----- THE DATA

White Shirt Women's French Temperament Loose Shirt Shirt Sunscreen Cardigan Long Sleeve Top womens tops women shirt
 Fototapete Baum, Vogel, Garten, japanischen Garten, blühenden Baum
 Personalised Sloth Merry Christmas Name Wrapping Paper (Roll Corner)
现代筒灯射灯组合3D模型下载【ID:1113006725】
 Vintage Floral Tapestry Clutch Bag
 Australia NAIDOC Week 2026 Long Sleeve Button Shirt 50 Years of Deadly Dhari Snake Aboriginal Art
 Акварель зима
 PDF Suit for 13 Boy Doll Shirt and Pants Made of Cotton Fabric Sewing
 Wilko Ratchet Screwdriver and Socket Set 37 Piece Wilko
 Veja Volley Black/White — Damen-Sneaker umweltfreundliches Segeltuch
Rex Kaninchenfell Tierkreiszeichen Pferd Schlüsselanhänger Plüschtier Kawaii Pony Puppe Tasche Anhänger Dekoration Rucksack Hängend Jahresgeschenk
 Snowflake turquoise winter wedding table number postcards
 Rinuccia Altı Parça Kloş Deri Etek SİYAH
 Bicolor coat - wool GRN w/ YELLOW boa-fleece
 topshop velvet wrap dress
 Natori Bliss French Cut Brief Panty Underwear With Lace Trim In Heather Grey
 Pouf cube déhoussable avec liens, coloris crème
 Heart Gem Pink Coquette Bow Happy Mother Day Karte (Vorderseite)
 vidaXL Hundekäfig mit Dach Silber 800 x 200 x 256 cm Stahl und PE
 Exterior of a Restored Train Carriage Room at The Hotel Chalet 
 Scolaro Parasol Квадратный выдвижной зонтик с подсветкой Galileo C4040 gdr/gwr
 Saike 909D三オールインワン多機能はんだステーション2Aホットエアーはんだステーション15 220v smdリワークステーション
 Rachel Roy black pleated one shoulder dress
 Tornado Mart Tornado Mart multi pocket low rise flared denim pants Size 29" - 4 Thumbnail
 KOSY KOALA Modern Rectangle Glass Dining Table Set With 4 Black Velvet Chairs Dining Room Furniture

----------

(DIRECTIONS) Once you find the line with "Heart Gem Pink" in the entries above, output it and each line after it up to and including the line with "Scolaro Parasol Квадратный", and nothing else.

(ANSWER SECTION)
 Heart Gem Pink Coquette Bow Happy Mother Day Karte (Vorderseite)
 vidaXL Hundekäfig mit Dach Silber 800 x 200 x 256 cm Stahl und PE
 Exterior of a Restored Train Carriage Room at The Hotel Chalet 
 Scolaro Parasol Квадратный выдвижной зонтик с подсветкой Galileo C4040 gdr/gwr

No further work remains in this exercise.